Friday, January 30, 2015

Letting Go


There are very few fairy-tale deaths, all the loved ones gathered around the bed in the home the elder lived in for decades, peacefully passing with a smile borne on the wings of the family singing and such. But there are some. Or at least some that come close.

And so this afternoon, my mother-in-law Pam Shultz passed to the other side after a complicated few years. It began around two and a half years ago, when she consciously announced that she was done, got friends and family to gather around and pack up the house as she prepared to go into hospice. Which they did and she did. And then she decided it wasn’t time after all and gave us another few years.

As I wrote about back in October, there was another joyful gathering, a kind of living memorial service in the form of an art show featuring her decades of rug hookings. Her first and last public art display, complete with friends and relations gathering from afar, moving speeches and tributes, fun gatherings in her room and me with a little music around the piano in the hall. She was well enough to get dressed (eloquently, I might add), get in the car and to the show, greet people and chat with them, sort through the various cards and letters people had written back in her room.

Soon after, she began to decline noticeably, perhaps some sense that this had been a beautiful cadence of closing chords in the long symphony of her life. And so my wife went out the week before Christmas and spent another six days with her. By now, she wasn’t getting out of bed, but was still lucid and could hold a decent conversation. And then phone calls every day, mostly the news of the day which she still seemed interested in hearing. And then the two brothers and her granddaughter Zoey and more friends gathered in her room a couple of weeks ago for her 90th birthday. I played Happy Birthday over the phone on the piano.

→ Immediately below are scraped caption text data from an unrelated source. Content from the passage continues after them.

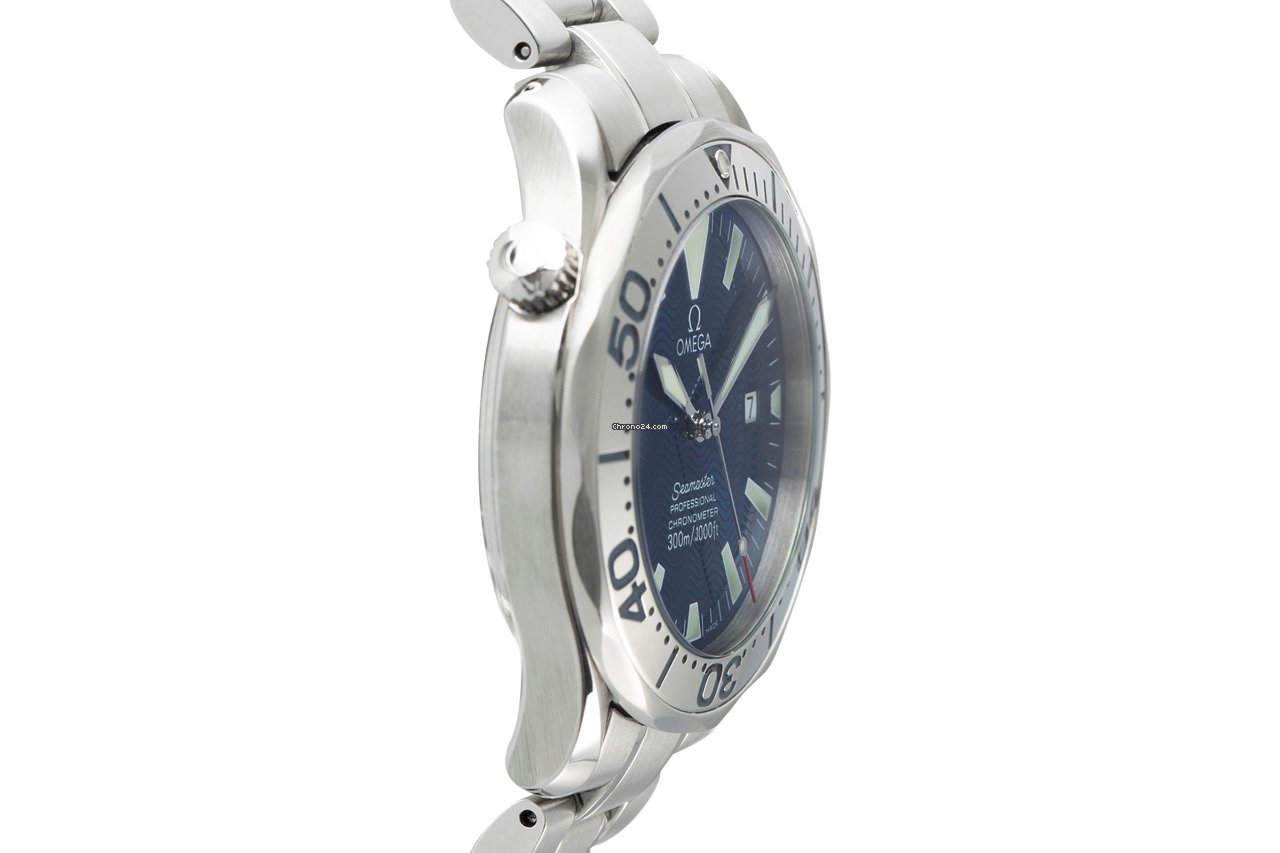 Omega Seamaster Diver 300 M Mens watch Unisex Automatic Steel 168.1640 Replica 4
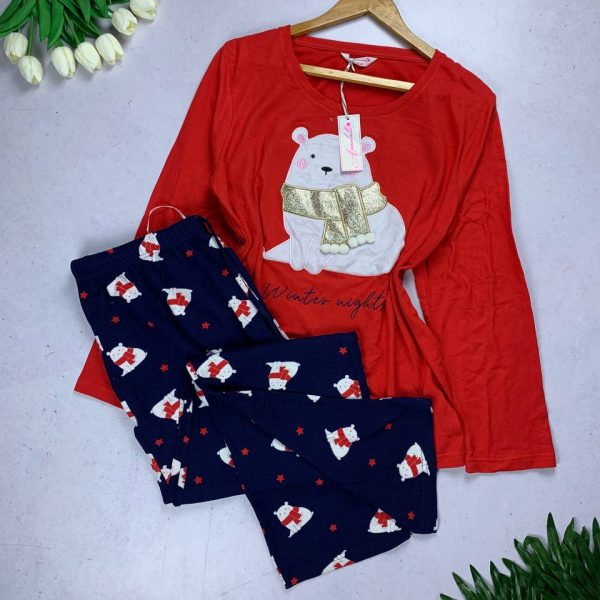 Heavy wool pijama from Anabelle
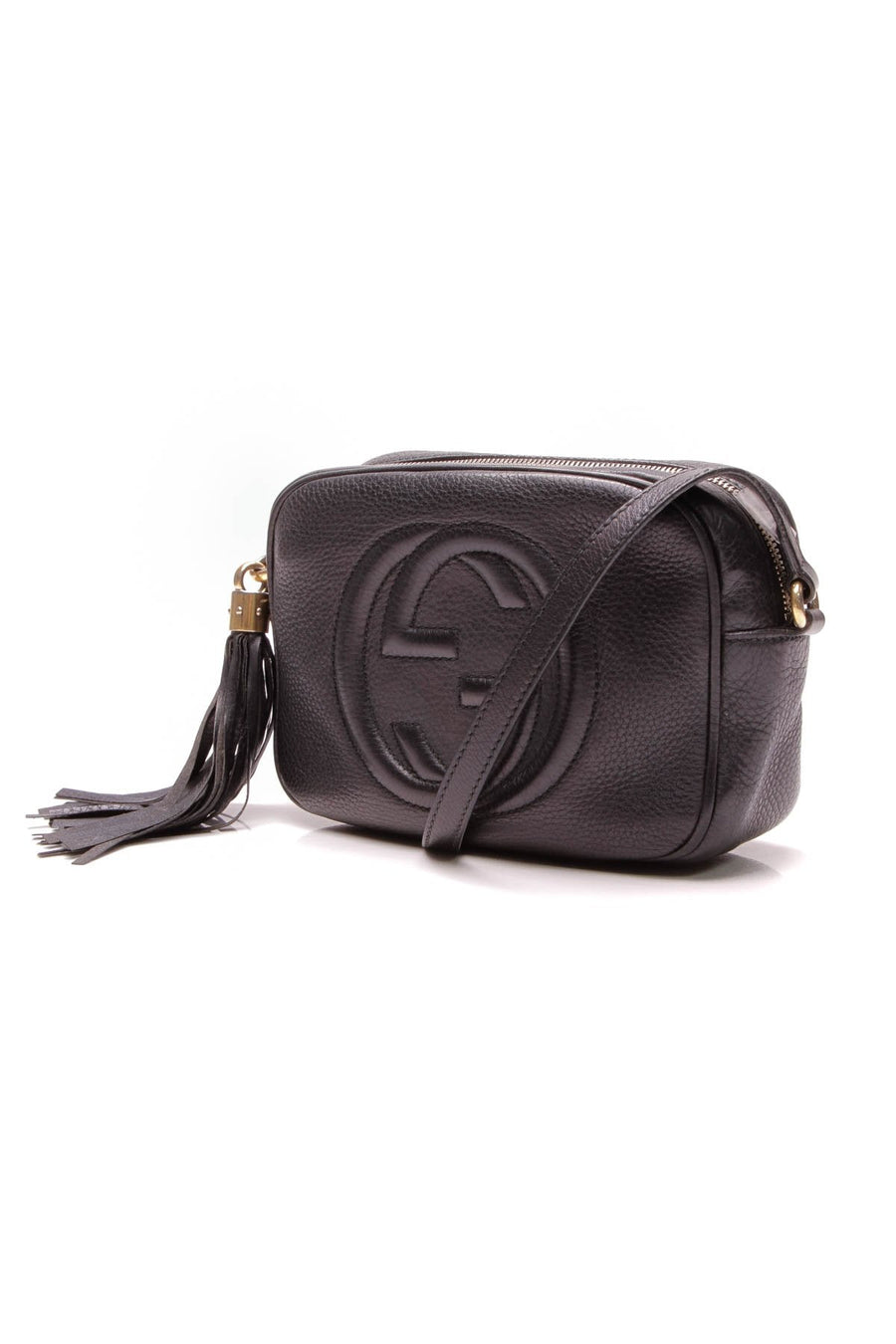Soho Disco Small Shoulder Bag - Black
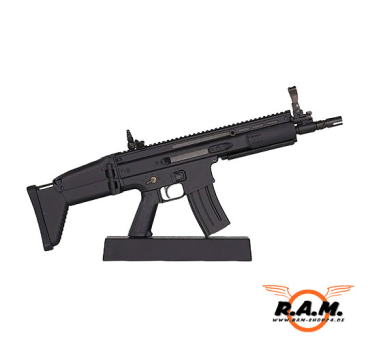 GOATGUNS Modell FN SCAR-L schwarz (Set)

And then yesterday, my wife’s brother writing that there was another big drop and he thought that the time was near. So last night, I suggested to my wife that she call her on the phone and give her permission to let go. That her work here was done and we would miss her forever and remember her forever, but that she needn’t stay any more on account of us, with the body so clearly ready to give up its mortal ticking.

After school today, I drove five hours to Fresno (traffic!) and had the sensation that perhaps today was the day. I forgot to leave the secret cell phone on, so I got the news—well, you can imagine these days— from my daughter’s posting on Facebook. Immediately called my wife and she told me this:

“So I took your advice and called Mom and they put me on speaker phone and I told her it was okay to go and the nurse said she seemed to register the conversation. Then I called her back a half- hour later and told her that her granddaughter Kerala (our daughter) just found out that her second child will be a boy and that she now has a great grandson. Again, the nurse said there was a facial reaction that indicated the news was registered. And an hour later, she was gone.”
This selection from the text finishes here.